_EXERCISE DIRECTIONS_
Omit the pictures and extract only the lines from the line containing "Zach and Rachel" to the end of the material, each exactly as written.

----------

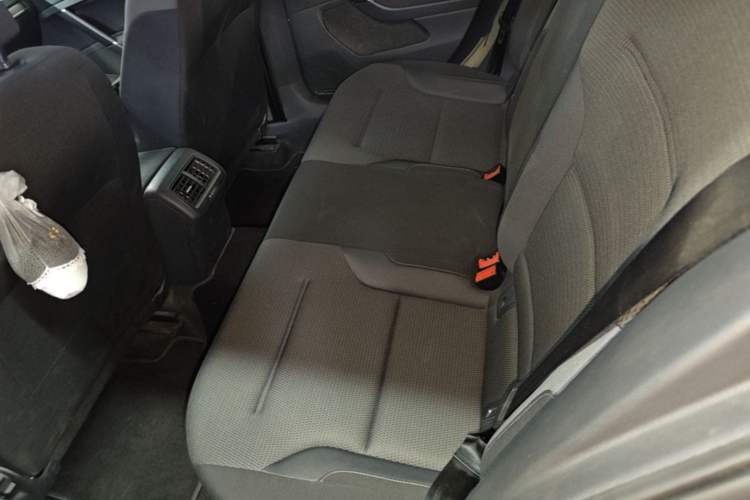 Used Volkswagen Golf 2017 230TSI Automatic Comfort Edition – Celebrating Milestone of One Million Units Left Rear Seat
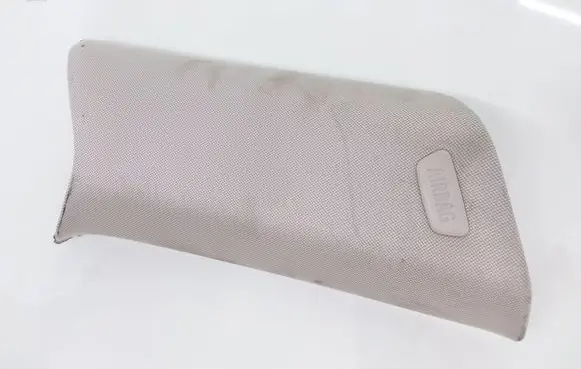 BMW 5 G30 G31 (C) pillar trim 7438461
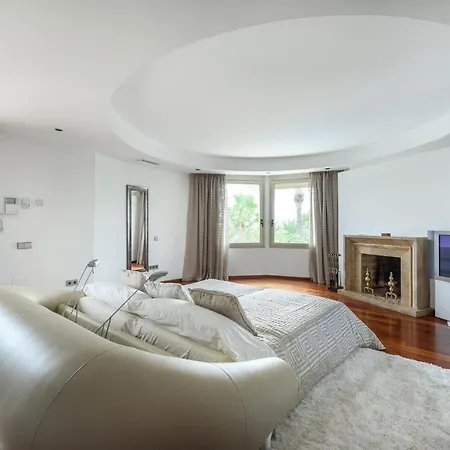 Βίλα Luxurious 6 Bedroom Villa, Ibiza 1018 *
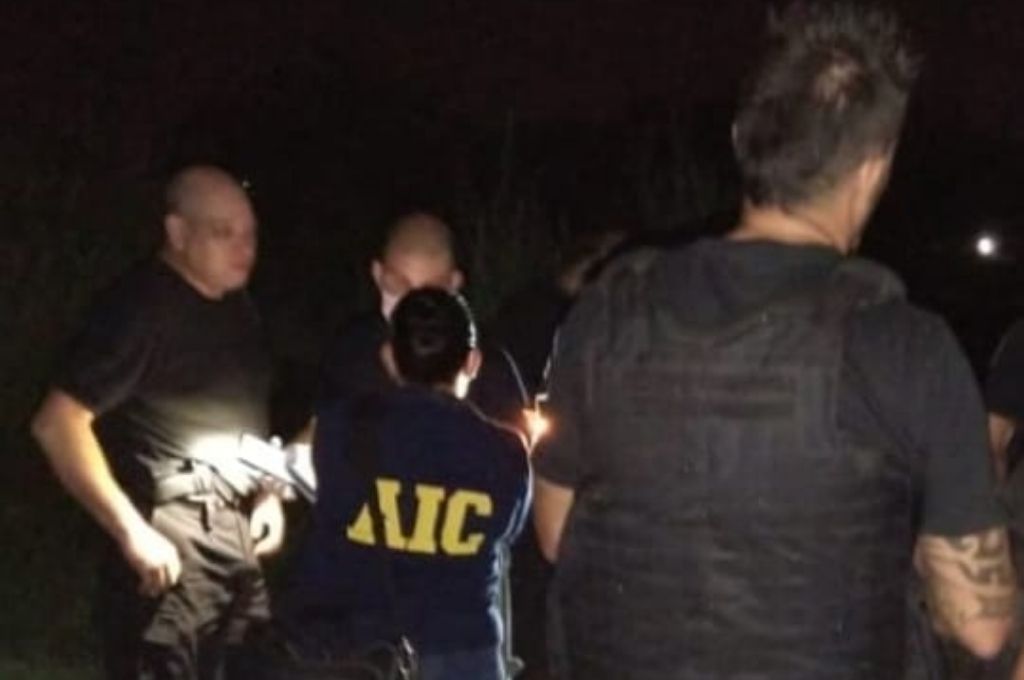 Le dispararon en la cabeza a un policía y está en grave estado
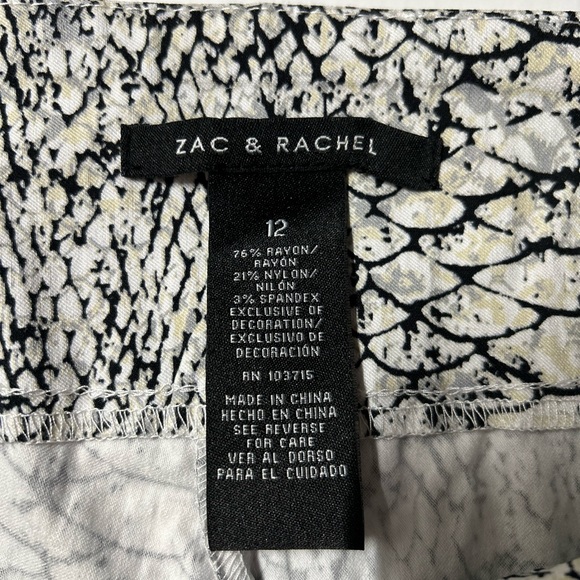 Zach and Rachel women’s 12 crop pants with geometric pattern with tummy control - Picture 4 of 6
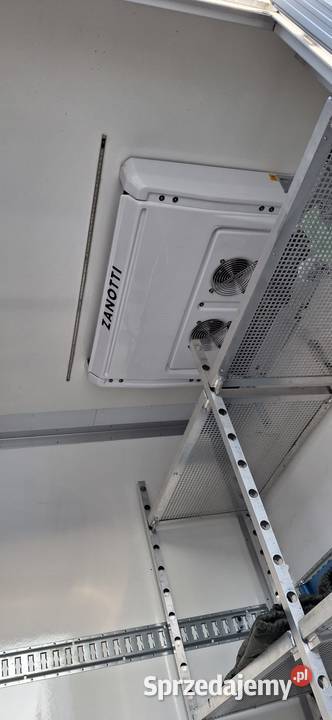Zabudowa chłodnia do Iveco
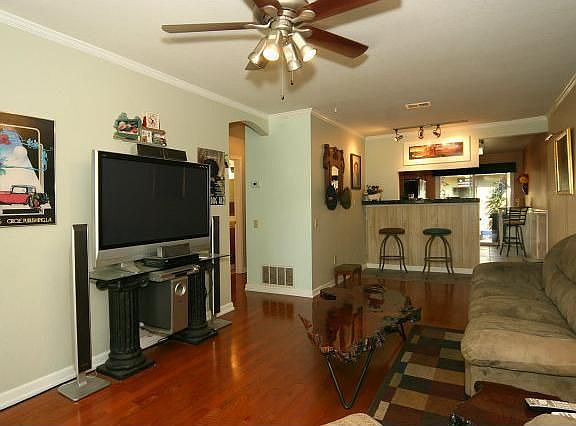 2nd image of 1233 Whitfield Ct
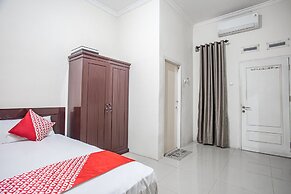 OYO 93477 Almahyra Guest House Syariah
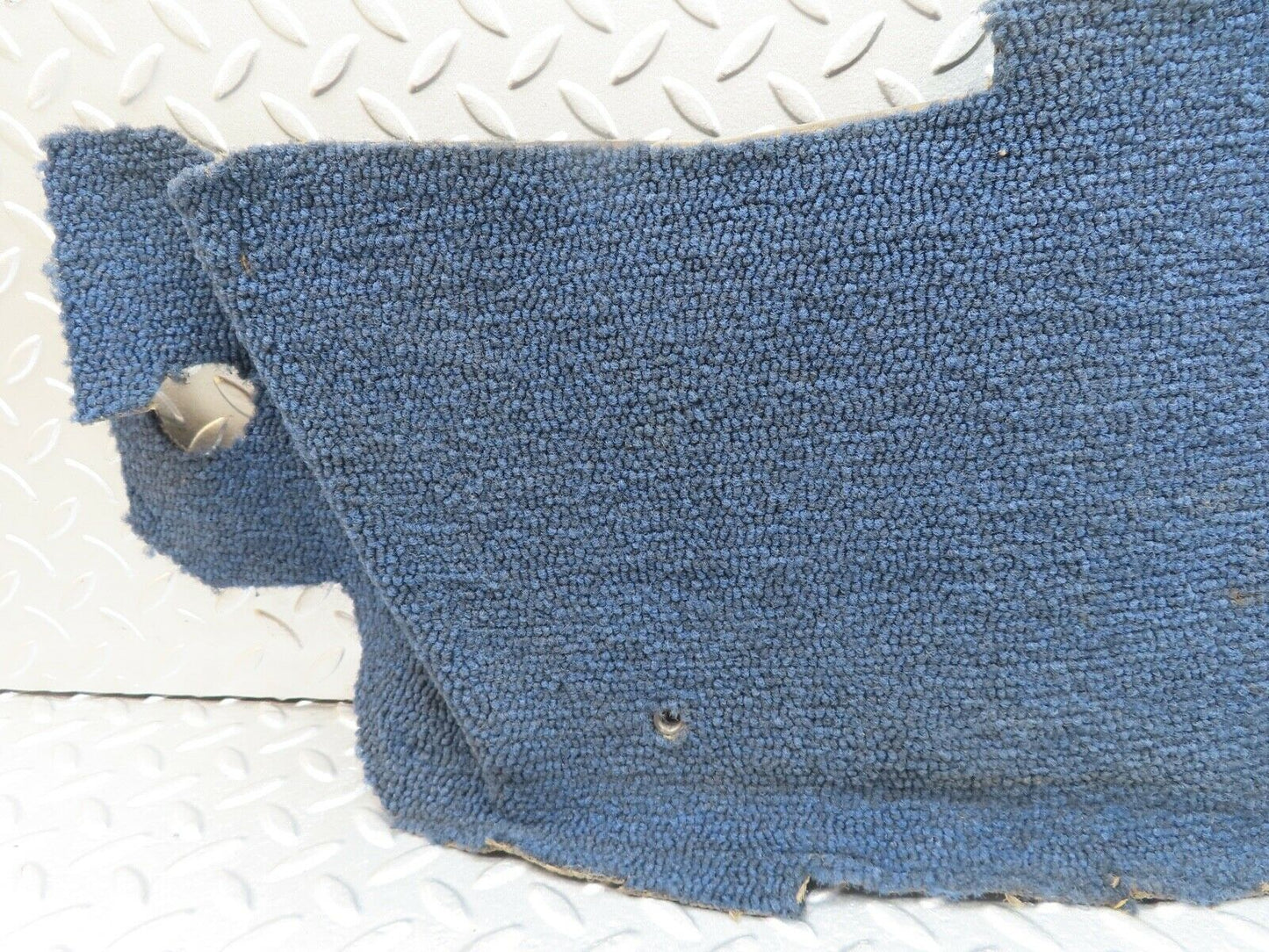 18133 Mercedes-Benz W123 200 Centre Console Carpet Blue Left Side
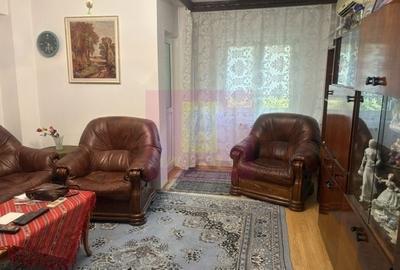 Apartament cu 3 camere decomandat în Drumul Sării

----------

_EXERCISE RESPONSE_
 Zach and Rachel women’s 12 crop pants with geometric pattern with tummy control - Picture 4 of 6
Zabudowa chłodnia do Iveco
 2nd image of 1233 Whitfield Ct
 OYO 93477 Almahyra Guest House Syariah
 18133 Mercedes-Benz W123 200 Centre Console Carpet Blue Left Side
 Apartament cu 3 camere decomandat în Drumul Sării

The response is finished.